For most Tumblr users, the change will likely go unnoticed – affiliate links still redirect the visitor to the same landing page. And in the case that VigLink fails to respond, Tumblr will simply forward the visitor on without an affiliate code. Meanwhile, Tumblr says it will be tracking response times to make sure that the implementation of the new links doesn’t slow down its service.
The addition of affiliate links comes at a time when Yahoo is trying to squeeze more money from the blogging service it overpaid for in a $1.1 billion acquisition deal in 2013. In a call with investors this February, Yahoo CFO Ken Goldman said Yahoo wrote down Tumblr by $230 million. This July, Yahoo further wrote down the value of the Tumblr acquisition by $482 million, citing lower projections for the social network’s future performance.
In part, the writedowns are due to Yahoo’s failure to meet Tumblr’s perhaps too ambitious $100 million sales goal, but also because of the poor performance of publicly traded social media sites like Twitter.

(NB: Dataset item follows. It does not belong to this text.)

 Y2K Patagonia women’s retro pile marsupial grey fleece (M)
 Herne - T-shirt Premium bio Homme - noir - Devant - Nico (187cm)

With Verizon’s deal to buy Tumblr parent Yahoo, the future of the blogging site now seems murky.
This is not the first change Tumblr has implemented in recent days, in terms of trying to better monetize its service. Earlier this summer, Tumblr announced it was rolling out ads across all users’ blogs, too. Again, users could opt out in the Settings, but the ads – like the new affiliate links – are switched on by default.
The social network has now updated its Terms of Service to reflect the new monetization scheme.
Tumblr says the affiliate links will start arriving on the site in a couple of weeks.